Conviction of trucker sets legal precedent on drowsy driving
With his appeals exhausted, a New York trucker will do time after being convicted of involuntary manslaughter and vehicular homicide in a 2010 crash in Pennsylvania that killed another trucker.
Richard Pedota, 50, of Woodside, N.Y., had attempted to get the Pennsylvania Supreme Court to intervene in his case. But the state’s highest court refused to hear the case, essentially affirming Pedota’s initial conviction. Pedota’s sentence is for two to four years.
On Sept. 2, 2010, Pedota’s 18-wheeler drifted onto the shoulder of eastbound I-78 in Lower Saucon Township, Pa., where it hit and killed Mario Chacon, 52, of Palmer Township, Pa. According to reports and testimony in the case, Chacon was lawfully pulled over on the side of the road.
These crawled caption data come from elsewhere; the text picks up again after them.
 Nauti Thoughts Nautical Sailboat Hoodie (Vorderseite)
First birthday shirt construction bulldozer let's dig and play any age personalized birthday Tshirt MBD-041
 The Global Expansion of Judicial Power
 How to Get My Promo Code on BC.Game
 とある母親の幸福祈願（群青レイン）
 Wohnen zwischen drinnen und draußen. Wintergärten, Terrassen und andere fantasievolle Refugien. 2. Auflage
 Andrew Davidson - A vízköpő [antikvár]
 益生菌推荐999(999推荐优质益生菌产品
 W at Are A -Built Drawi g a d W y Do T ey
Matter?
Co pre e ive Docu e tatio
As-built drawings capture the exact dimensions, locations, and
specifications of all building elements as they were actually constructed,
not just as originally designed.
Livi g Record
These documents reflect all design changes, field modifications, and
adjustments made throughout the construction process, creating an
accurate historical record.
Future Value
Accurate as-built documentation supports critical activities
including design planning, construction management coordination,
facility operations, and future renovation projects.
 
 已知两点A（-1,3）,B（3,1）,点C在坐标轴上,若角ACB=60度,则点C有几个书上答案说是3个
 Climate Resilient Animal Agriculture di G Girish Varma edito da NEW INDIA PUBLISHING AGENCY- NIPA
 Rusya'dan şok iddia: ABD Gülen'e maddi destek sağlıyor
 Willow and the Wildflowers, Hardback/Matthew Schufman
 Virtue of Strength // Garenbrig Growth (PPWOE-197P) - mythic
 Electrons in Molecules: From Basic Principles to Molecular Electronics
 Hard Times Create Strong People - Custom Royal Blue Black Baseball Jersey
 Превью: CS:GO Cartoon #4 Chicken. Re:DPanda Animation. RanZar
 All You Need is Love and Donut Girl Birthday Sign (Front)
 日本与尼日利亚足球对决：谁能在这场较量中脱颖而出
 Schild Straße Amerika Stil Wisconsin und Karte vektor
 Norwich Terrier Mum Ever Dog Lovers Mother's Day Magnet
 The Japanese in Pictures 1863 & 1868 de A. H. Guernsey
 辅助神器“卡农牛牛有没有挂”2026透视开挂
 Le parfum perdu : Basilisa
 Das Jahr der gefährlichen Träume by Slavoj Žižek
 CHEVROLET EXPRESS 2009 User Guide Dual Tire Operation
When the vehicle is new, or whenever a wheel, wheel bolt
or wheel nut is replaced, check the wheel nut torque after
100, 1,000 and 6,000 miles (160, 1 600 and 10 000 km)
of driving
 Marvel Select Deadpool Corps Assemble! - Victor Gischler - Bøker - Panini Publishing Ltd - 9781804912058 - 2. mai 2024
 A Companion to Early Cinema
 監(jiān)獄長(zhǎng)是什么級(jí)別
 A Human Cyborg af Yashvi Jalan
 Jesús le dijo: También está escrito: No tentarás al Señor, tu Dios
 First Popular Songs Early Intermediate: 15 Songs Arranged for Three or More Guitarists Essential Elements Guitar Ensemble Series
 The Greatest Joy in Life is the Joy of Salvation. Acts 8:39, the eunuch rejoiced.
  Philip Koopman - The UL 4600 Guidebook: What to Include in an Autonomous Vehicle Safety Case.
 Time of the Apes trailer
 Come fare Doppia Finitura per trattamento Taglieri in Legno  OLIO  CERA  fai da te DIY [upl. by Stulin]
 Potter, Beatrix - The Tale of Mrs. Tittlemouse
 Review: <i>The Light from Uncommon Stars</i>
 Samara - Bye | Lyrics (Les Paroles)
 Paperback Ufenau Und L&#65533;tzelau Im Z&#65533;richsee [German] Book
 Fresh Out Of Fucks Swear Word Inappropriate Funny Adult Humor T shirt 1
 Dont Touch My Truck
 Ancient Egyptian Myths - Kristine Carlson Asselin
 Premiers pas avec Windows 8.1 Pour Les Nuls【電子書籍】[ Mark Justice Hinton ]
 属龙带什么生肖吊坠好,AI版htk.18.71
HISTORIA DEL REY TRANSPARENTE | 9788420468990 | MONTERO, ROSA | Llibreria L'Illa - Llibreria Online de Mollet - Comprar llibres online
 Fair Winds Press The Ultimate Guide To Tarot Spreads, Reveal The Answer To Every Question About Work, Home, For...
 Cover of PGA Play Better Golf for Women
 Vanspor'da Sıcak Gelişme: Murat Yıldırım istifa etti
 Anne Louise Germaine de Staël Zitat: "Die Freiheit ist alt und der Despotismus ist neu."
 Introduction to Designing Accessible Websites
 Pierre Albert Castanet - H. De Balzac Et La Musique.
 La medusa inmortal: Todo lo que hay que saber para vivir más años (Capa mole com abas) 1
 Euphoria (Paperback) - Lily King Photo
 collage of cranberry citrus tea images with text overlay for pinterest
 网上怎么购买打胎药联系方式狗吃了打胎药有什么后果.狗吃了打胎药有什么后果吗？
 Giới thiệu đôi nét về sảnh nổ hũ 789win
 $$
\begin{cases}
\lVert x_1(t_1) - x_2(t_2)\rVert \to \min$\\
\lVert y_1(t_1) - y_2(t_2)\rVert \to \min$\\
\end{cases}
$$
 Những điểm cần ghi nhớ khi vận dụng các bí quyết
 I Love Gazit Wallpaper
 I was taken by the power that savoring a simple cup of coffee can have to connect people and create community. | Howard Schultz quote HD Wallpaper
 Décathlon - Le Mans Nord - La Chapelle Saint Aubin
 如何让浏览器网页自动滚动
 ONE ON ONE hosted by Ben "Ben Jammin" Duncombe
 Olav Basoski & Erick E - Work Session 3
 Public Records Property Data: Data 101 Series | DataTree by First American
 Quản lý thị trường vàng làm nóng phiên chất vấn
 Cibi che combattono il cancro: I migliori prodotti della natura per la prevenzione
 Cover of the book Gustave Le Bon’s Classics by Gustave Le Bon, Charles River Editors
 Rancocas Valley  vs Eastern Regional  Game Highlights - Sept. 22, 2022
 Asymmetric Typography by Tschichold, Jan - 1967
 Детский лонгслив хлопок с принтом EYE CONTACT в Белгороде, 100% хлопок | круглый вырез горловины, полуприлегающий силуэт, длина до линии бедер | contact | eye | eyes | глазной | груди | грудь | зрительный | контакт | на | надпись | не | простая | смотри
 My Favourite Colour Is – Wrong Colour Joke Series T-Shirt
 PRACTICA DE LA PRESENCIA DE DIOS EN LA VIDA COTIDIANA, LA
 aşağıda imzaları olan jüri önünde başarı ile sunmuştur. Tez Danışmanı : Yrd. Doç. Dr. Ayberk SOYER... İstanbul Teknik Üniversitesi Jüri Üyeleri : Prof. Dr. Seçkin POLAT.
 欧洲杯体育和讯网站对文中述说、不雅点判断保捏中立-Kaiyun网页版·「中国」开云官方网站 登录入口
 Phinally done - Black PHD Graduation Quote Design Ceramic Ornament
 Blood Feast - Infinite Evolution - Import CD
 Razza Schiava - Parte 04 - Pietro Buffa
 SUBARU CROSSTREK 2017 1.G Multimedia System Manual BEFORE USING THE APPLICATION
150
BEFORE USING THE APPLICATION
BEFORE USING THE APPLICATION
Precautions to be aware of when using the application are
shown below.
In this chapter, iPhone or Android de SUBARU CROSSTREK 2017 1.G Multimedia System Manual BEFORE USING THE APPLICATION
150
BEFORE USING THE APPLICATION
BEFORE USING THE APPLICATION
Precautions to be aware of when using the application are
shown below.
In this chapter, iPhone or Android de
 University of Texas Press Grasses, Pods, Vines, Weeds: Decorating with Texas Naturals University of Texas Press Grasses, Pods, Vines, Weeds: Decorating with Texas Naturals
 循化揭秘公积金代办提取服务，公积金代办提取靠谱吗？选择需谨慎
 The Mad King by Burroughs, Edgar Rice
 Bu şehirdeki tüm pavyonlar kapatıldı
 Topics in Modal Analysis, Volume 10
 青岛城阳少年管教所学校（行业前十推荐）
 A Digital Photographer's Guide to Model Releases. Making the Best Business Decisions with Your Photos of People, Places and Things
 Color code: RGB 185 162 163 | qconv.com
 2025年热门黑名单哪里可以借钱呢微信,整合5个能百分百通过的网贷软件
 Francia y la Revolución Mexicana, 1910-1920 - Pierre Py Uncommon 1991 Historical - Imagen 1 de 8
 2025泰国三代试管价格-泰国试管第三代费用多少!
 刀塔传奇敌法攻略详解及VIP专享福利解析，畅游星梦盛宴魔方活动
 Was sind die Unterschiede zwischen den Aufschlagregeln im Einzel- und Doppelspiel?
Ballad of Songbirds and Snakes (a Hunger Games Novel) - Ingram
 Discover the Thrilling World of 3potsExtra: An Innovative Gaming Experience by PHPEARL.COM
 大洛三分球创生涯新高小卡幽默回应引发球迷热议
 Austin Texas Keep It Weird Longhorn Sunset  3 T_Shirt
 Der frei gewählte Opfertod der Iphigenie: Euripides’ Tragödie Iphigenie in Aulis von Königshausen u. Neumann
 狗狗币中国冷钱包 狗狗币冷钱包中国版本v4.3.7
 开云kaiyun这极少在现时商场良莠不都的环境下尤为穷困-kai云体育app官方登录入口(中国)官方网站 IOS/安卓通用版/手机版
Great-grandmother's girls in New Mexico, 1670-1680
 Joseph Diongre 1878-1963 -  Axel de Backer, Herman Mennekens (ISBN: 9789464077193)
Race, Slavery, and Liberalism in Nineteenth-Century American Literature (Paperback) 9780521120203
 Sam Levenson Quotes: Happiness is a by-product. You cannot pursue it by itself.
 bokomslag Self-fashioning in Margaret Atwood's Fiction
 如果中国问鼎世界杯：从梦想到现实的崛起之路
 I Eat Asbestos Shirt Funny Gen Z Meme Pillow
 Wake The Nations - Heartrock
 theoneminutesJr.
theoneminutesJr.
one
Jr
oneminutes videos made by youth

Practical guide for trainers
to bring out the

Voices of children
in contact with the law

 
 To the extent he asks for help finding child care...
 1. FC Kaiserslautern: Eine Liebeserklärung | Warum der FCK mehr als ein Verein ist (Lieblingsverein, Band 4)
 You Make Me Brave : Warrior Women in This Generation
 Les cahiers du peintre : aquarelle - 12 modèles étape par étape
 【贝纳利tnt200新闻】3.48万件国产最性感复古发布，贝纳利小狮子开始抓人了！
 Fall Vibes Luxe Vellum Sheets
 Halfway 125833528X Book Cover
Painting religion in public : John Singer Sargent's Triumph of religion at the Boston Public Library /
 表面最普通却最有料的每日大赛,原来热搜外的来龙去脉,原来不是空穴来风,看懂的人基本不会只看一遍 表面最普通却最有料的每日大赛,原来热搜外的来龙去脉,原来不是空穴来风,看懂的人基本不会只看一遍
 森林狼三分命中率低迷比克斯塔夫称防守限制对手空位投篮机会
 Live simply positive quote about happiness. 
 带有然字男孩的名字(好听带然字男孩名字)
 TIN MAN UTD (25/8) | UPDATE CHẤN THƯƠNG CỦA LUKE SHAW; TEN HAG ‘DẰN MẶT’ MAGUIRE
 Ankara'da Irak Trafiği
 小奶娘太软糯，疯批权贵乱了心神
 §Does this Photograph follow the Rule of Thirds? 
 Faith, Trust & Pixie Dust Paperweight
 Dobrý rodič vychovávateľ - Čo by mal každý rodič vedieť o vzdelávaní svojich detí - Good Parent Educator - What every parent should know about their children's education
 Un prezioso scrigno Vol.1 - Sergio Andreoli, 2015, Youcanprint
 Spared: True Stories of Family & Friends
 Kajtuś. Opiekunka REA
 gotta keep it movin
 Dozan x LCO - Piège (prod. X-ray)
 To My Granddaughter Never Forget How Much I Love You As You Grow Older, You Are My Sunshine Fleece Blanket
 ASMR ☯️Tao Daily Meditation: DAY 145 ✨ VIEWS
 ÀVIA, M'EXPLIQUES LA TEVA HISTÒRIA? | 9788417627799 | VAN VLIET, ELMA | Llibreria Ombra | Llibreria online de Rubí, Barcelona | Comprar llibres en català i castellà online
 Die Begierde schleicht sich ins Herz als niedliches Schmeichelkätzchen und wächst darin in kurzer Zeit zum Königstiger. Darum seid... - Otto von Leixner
The case is also significant in that it establishes future legal precedent for all drivers in Pennsylvania, that driving while drowsy has become sufficient evidence for prosecutors to secure a conviction under the state’s criminal and vehicle codes, according to Northampton County Assistant District Attorney Richard Pepper.
“This case has finally answered the question of whether falling asleep behind the wheel or more specifically continuing to operate a vehicle on Pennsylvania highways in the face of known drowsiness or falling asleep is sufficient factual evidence to satisfy the standard of criminal recklessness or gross negligence under the crimes code of involuntary manslaughter, and under the vehicle code of homicide by vehicle,” Pepper told Land Line.
Pepper said Pedota had done a run from New Jersey to Harrisburg, and was returning to New Jersey on the morning of Sept. 2, 2010. According to Pepper, Pedota was driving in a legal manner beforehand and was not speeding, under the influence of drugs or alcohol, or on the road an excessive period of time.
In February, Pedota’s conviction was affirmed by the Superior Court, and his bid for re-argument was later rejected. On Aug. 29, the state Supreme Court denied Pedota’s request that it hear his appeal.
Pedota remains free. Pepper said he expects the court will soon schedule a hearing on the case, or issue an order requiring Pedota to report to prison.